I’m watching—and, more importantly, participating in—the growth of another community of learning—the one fostered by writer-presenter-educator George Couros through the “Innovate Inside the Box [#IITB] Instagram Book Study” group he and his co-author, Katie Novak, are creating around their book Innovate Inside the Box: Empowering Learners Through UDL [Universal Design for Learning]and the Innovator’s Mindset.

It’s not a surprise at all to me that the community is thriving under their guidance: Couros’s Innovator’s Mindset MOOC (massive open online course) a couple of years ago was a playfully innovative and inspiring opportunity to work with a dynamic group of co-conspirators in learning. And the idea of using Instagram as a platform for learning has obviously been successful in attracting enough people to make this a unique and transformative learning opportunity well worth pursuing. As I mentioned in the first post in this series of reflections inspired by the #IITB book study group, it has been engaging from the moment during which I posted my first offering after opening an Instagram account last week and began interacting with George and the other co-conspirators—an experience that has quickly deepened after just seven days of online, asynchronous interactions. I’m finding kindred spirits—other teacher-trainer-learners with seemingly inexhaustible depths of curiosity. A willingness to experiment with new concepts and tools.

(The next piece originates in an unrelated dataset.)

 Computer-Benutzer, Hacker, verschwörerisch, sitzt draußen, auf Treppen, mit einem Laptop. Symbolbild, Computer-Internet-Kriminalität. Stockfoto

And a commitment to creating time and space to interact around an overlapping set of topics that include innovation in learning, incorporating Instagram into learning, and exploring ways to expand our own learning in ways that will benefit those we serve. The experience is multifaceted—an online (mostly asynchronous) book discussion group, functioning in a way that is reminiscent of the best connectivist MOOCs (massive open online courses) I have joined. It has us interacting within the platform (Instagram) through the images, videos, and text we have been posting, and allows for interactions through the comments that we post about our own and others’ offerings and through expanded interactions via posting blog pieces like this one and reading (and responding to) those posted by others.

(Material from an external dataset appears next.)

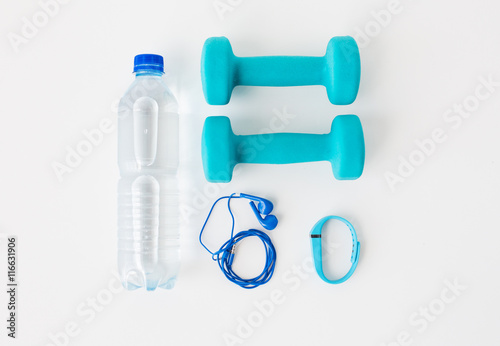 dumbbells, fitness tracker, earphones and bottle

Most interestingly—and again, not surprisingly—the interactions themselves reflect many of the eight characteristics of the Innovator’s Mindset that all of us have been exploring and attempting to (further) develop. Going beyond the suggested basic level of participation—a suggested three postings for each of the three weeks the book discussion is scheduled to continue—because I have wanted to as fully as possible immerse myself in Instagram as a tool for training-teaching-learning, I’ve been creating separate posts that serve to summarize and respond to at least one element of each of the characteristics. The remainder of this blog post pulls lightly-edited text from each of the first four posts I completed while contributing to the discussions on four of the eight Innovator’s Mindset characteristics.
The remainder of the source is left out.